Die hier vorgestellten Filme über die Startbahnbewegung sind heute nicht mehr ohne weiteres zu sehen. Die meisten von ihnen mußten direkt über Kontakte zu den Filmemachern besorgt werden. Wir haben die Filme einzeln, jeweils unter verschiedenen Aspekten, untersucht. Zuerst beschreiben wir bei jedem Film, in welchen Zusammenhängen er entstanden ist. Der Hintergrund des Filmemachers/der Filmemacher soll hier beleuchtet werden. Zu jedem Film geben wir eine Inhaltsangabe und liefern eine zusammenfassende Interpretation. Abschließend haben wir jeweils das Verhältnis der gesellschaftlichen und filmischen Realität betrachtet, im Fazit dieser Arbeit findet sich eine Zusammenfassung der Beobachtungen.

Bei den Filmen haben wir versucht, ein möglichst breites Spektrum abzudecken:
Die der Bürgerinitiative nahen Filmemacher von HE-Film begleiteten den Widerstand, ihre Filme lassen sich als Agit-Prop-Filme bezeichnen. In DIE VERÄNDERUNG von Pollitt/Kaiser/Pollitt und Pauls-Kolmer's DEUTSCHES TAGEBUCH TEIL 3: DIE STARTBAHN WEST verarbeiten die Filmemacher ihre eigenen Erfahrungen, zugleich sind sie eine Anklage gegen die Politiker.
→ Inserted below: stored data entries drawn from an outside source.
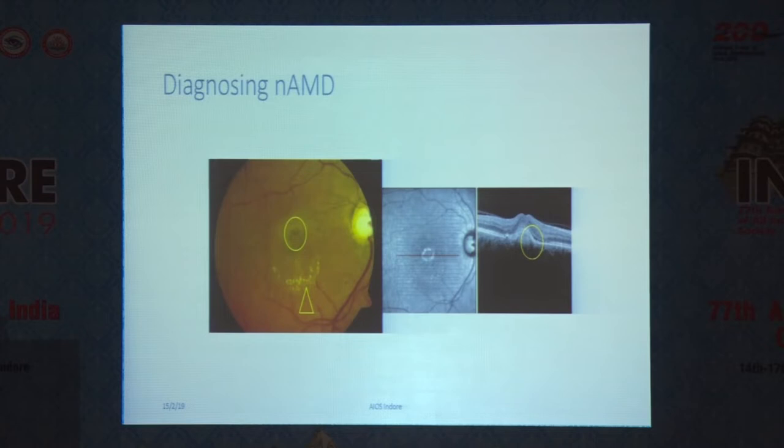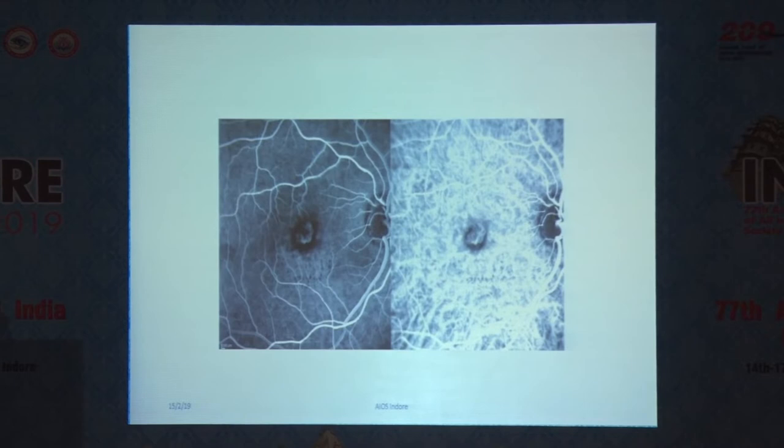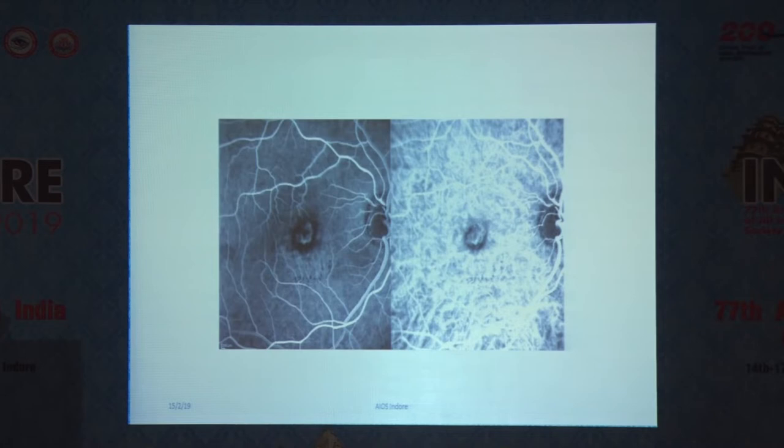You look for what is called SHREM, or subretinal hyperreflective material, pigment epithelial detachments, and so on. In the UK, it's standard practice to have a baseline fluorescein angiogram that would confirm the presence or absence of your choroidal neovascular membrane. We tend to use both fluorescein and ICG angiography together because it gives us more details about the choroidal circulation, in particular for cases with IPCV.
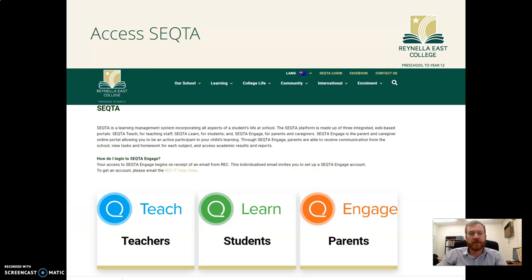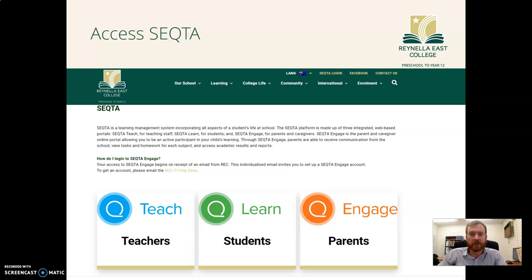The first thing you need to do is log in to Sector. An easy way to do this is via the Sector page on our school website, just ensuring that you click on the parents link to go to the relevant part of Sector. Obviously if you're using the app on your phone you would simply open the app and log in that way.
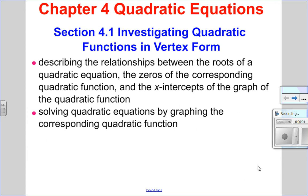Hello, Mathies. Gatos here. Welcome to Chapter 4, Quadratic Equations. In this video, we're going to be covering how to solve quadratics graphically. So we're going to look at the connection between roots of a quadratic, zeros of a function, and x-intercepts, and how they all relate together.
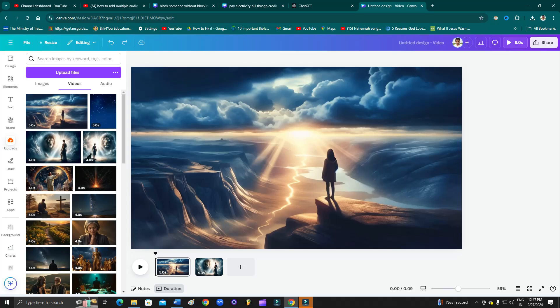How to add multiple audio in Canva video. Hey guys, welcome back to One Millionaire's YouTube channel. In this video, I'm going to show you how you can add multiple audio in your Canva video. But before proceeding further, please consider subscribing to my YouTube channel and hit that bell icon to receive all my latest updates.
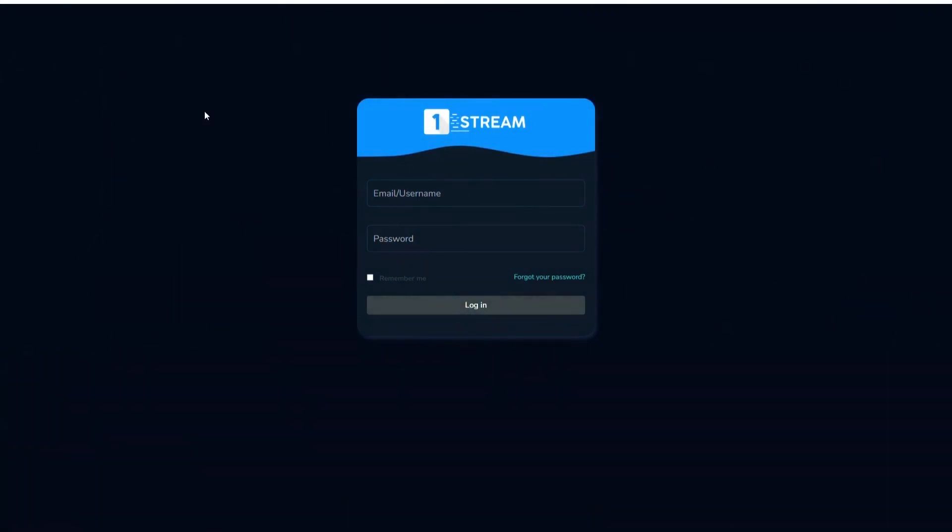Welcome everyone. In today's video, we will show you how to create a new line as an admin in our panel. First, go to the login page and fill in your username and password.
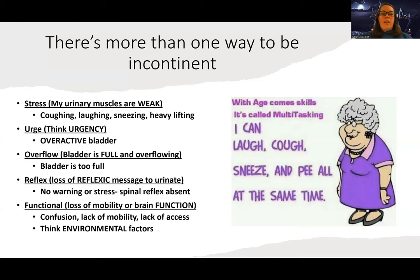Starting with stress incontinence — this is a weak muscle issue, similar to GERD but in your urinary tract. You have a sphincter that's supposed to stay closed, but if it gets weak, then when you cough, laugh, sneeze, or lift something heavy, it creates an opportunity for urine to slip out, which leads to incontinence.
Auch SCHÜSSE, Carle's zweiter Anti-Startbahn–Film, den er mit Rode und Frohwein realisierte, gibt den Politikern Mitschuld an den Ereignissen und ist emotional aufgeladen. In FESSELN SPÜRT, WER SICH BEWEGT und WERTVOLLE JAHRE interessiert Carle sich hauptsächlich für die Entwicklungen und Kontroversen innerhalb der Bewegung.

WERTVOLLE JAHRE ist der einzige von uns besprochene Film, der für das Fernsehen produziert wurde. Obwohl wir keine Fernsehproduktionen berücksichtigen wollten, haben wir bei diesem Film eine Ausnahme gemacht, da er sich als einziges mit dem Prozeß und den Mordvorwürfen gegenüber Startbahngegnern auseinandersetzt.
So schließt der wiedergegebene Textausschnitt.